ACRL Publications Agreements FAQ

This FAQ answers some commonly asked questions about the agreement authors sign to publish with ACRL. ACRL Publications is an independent entity and is not affiliated with ALA Publications. The information in this FAQ applies only to publications of ACRL. Copies of all ACRL Publications agreements are available on the ACRL Forms page.

Serial Publications(C&RL, C&RL News, RBM)

What rights does ACRL have under the author agreement?
ACRL asks authors for the non-exclusive right to print, publish, reproduce, and distribute your work both in print and online. ACRL also has the right to use your name in association with the article for advertising purposes. We do require that works not be previously published before they appear in our print serials.

What rights do I have?
A lot! After your article is published by ACRL, you are free to place a copy in your institutional repository (IR), on your personal website, or anywhere else you’d like. You also have the right to republish the work in print with another publisher as long as you cite the original ACRL publication. We’d ask that you include the original publication information on your website or in your IR as well.

Does this mean I retain copyright?
Yes, you retain copyright of your work

What about Creative Commons?
We don't require our authors to publish their works using a Creative Commons license, but unless another option is selected on the copyright forms for RBM and C&RL, reuse of the published work in those publications will be governed by a Creative Commons Attribution-NonCommercial 4.0 International License (CC BY-NC 4.0; http://creativecommons.org/licenses/by-nc/4.0/). This license lets others remix, tweak, and build upon the Work non-commercially; although new works must acknowledge the original publication and be non-commercial, they do not have to be licensed on the same terms. Visit the Creative Commons website (http://creativecommons.org/) to learn more about their licensing options.

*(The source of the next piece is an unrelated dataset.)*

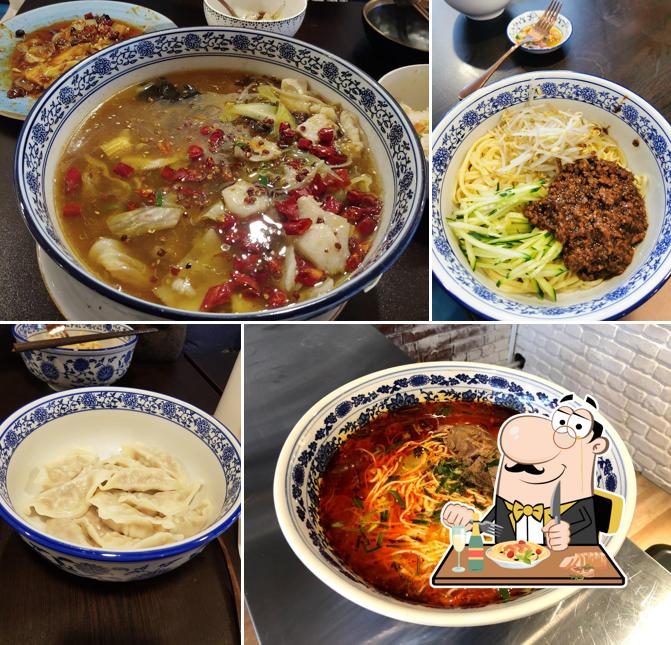King Made Noodles Queenstown 金味德牛肉拉面(皇后镇店） in Queenstown Restaurant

Can you discuss preprints?
College & Research Libraries posts accepted, but not copyedited, versions of forthcoming articles on the web prior to print publication. This allows your work to get into the hands of readers in a timely manner. Participation in preprints is voluntary, but we encourage authors to take advantage of the opportunity. Once your article appears on the C&RL preprint page you are free to post the preprint version in your IR or on your website as well. We’d ask that you include the forthcoming publication information on your website or in your IR as well.

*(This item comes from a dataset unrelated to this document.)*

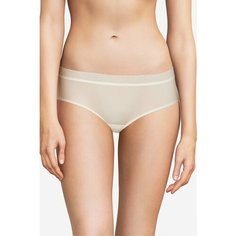 Трусы Chantelle Soft Stretch, размер XS/XL, ванильный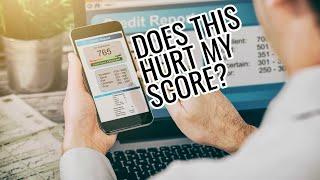 5 Things You May Think Hurt Your Credit Score — but Don’t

(Note: In the digital environment, multiple versions of journal articles can cause confusion. Groups like the National Information Standards Organization are studying this and developing recommendations, see http://www.niso.org/workrooms/jav).

Book Chapters

As a chapter author of a monographic work, what is the copyright agreement I must sign?
ACRL sends an agreement to every chapter author that:

  1. Keeps copyright of the work in the author’s name.
  2. Allows authors to append a Creative Commons license of their choosing. If there is more than one author to a chapter, all authors have to be in agreement on the CC license for the chapter.

Why should I choose one Creative Commons license over another?
You can read about the different CC licenses, and how they allow readers to reuse, distribute, and adapt your content, here. You are also free to choose not to append a CC license to your chapter.

Can I place my chapter in my IR or let someone else republish it?
The agreement allows you to deposit your chapter in your Institutional Repository, as well as any analytics and bookmarking sites or reference manager programs that can track and promote your research. ACRL has right of first publication, meaning you may republish your work elsewhere only after ACRL has published it, and you must add a credit line that states that the work was originally published by ACRL and provide the citation.

Book Editors

As the editor of a monographic work, what agreement do I sign?
Book editors are sent a Memorandum of Agreement (MOA) outlining expectations and rights. ACRL retains copyright of its non-serial (monographic) publications. Editors typically receive royalties of 10% on net revenues after production costs are recovered. These royalties are paid out in Spring and Fall. Editors receive five free copies of the published work.

Podcasts

What rights does ACRL have under the podcast agreement?
The license agreement for podcasts grants ACRL the non-exclusive right to print, publish, reproduce, and distribute the podcast through current or future technologies. ACRL also has the right to edit the podcast and produce derivatives. ACRL also has the right to use your name in association with the article for advertising purposes.

What rights do I have?
You have the right to republish and redistribute the podcast after it is first released by ACRL as long as you cite the original ACRL podcast.